Deng Xiaofeng, Wang Kai, Wu Liang, Yang Chenlong, Yang Tao, Zhao Lei, Xu Yulun
Department of Neurosurgery, Beijing Tiantan Hospital, Capital Medical University, Beijing, 100050, China,
Acta Neurochir (Wien). 2014 Apr;156(4):715-22. doi: 10.1007/s00701-014-2000-5. Epub 2014 Jan 22.
The asymmetry of tonsillar ectopia, syringomyelia, and clinical manifestations, and their correlations in adult Chiari I malformation (CIM) are seldom discussed.
Clinical and imaging data of 104 consecutive adult patients with CIM and syringomyelia were retrospectively reviewed. A method was devised to quantify tonsillar and syrinx asymmetry. Correlations between the asymmetrically displaced cerebellar tonsils, the side of the syrinx, clinical presentations, and the curve direction of scoliosis were investigated.

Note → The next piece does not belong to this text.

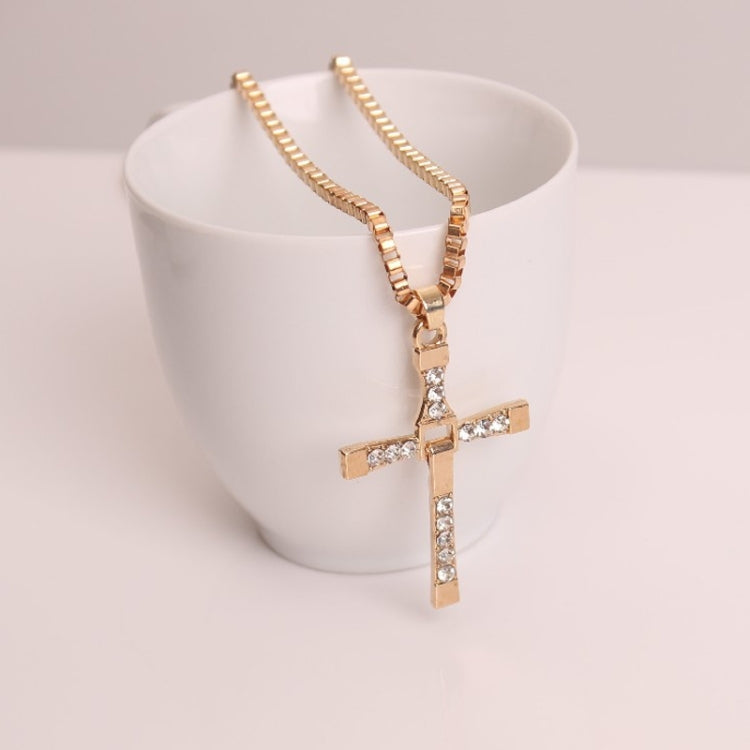Gold rhinestone cross pendant necklace on a white display bust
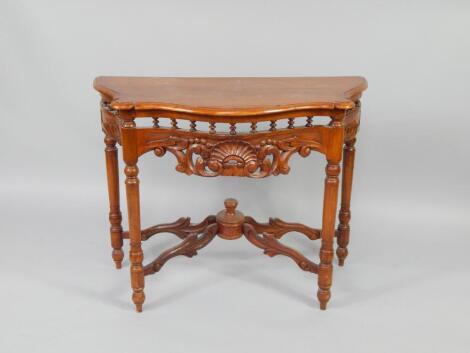 A Continental walnut serpentine side table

Tonsillar ectopia was left dominant in 46 patients (44.2 %), right dominant in 49 (47.1 %), and symmetrical in nine (8.7 %). The syrinx was left deviated in 44 patients (42.3 %), right deviated in 48 (46.2 %), and centrally located in 12 (11.5 %). A significant correlation was observed between the side of tonsillar herniation and the side of the syrinx (p < 0.001), and also between the descending ratio of tonsillar herniation and the deviation ratio of the syrinx (p < 0.001). The main side the of clinical presentations showed significant correlation with the dominant side of tonsillar herniation (p = 0.009) and the side of syrinx deviation (p = 0.012). In the 49 patients (47.1 %) with associated scoliosis, the curve direction was significantly related to not only the dominant side of tonsillar ectopia (p = 0.0,28) but also the deviated side of the syrinx (p = 0.044). Moreover, the curve magnitude was significantly correlated with the distance of the tonsillar herniation (p = 0.001).
In adult CIM, most tonsillar herniations are asymmetrical and most syringomyelia is eccentrical. We speculate that the dominant side of tonsillar herniation determines the side of syrinx deviation, which in turn determines the main side of clinical presentations and the convex side of scoliosis. Our results suggest that the more the descended tonsil tilts to one side, the more the syrinx tilts to the same side.
成人Chiari I型畸形(CIM)中扁桃体异位、脊髓空洞症的不对称性及其临床表现,以及它们之间的相关性鲜有讨论。
回顾性分析104例连续的成年CIM合并脊髓空洞症患者的临床和影像学资料。设计了一种方法来量化扁桃体和空洞的不对称性。研究不对称移位的小脑扁桃体、空洞的位置、临床表现和脊柱侧弯的曲线方向之间的相关性。
46例患者(44.2%)扁桃体异位以左侧为主,49例(47.1%)以右侧为主,9例(8.7%)为对称。44例患者(42.3%)脊髓空洞向左偏移,48例(46.2%)向右偏移,12例(11.5%)位于中央。观察到扁桃体疝出的一侧与空洞的一侧之间存在显著相关性(p < 0.001),扁桃体疝出的下降比例与空洞的偏移比例之间也存在显著相关性(p < 0.001)。临床表现的主要侧与扁桃体疝出的优势侧(p = 0.009)和空洞偏移的一侧(p = 0.012)显示出显著相关性。在49例(47.1%)合并脊柱侧弯的患者中,曲线方向不仅与扁桃体异位的优势侧(p = 0.028)显著相关,而且与空洞偏移的一侧(p = 0.044)显著相关。此外,曲线幅度与扁桃体疝出的距离显著相关(p = 0.001)。
在成人CIM中,大多数扁桃体疝出是不对称的,大多数脊髓空洞症是偏心的。我们推测扁桃体疝出的优势侧决定了空洞偏移的一侧,进而决定了临床表现的主要侧和脊柱侧弯的凸侧。我们的结果表明,下降的扁桃体向一侧倾斜得越多,空洞向同一侧倾斜得就越多。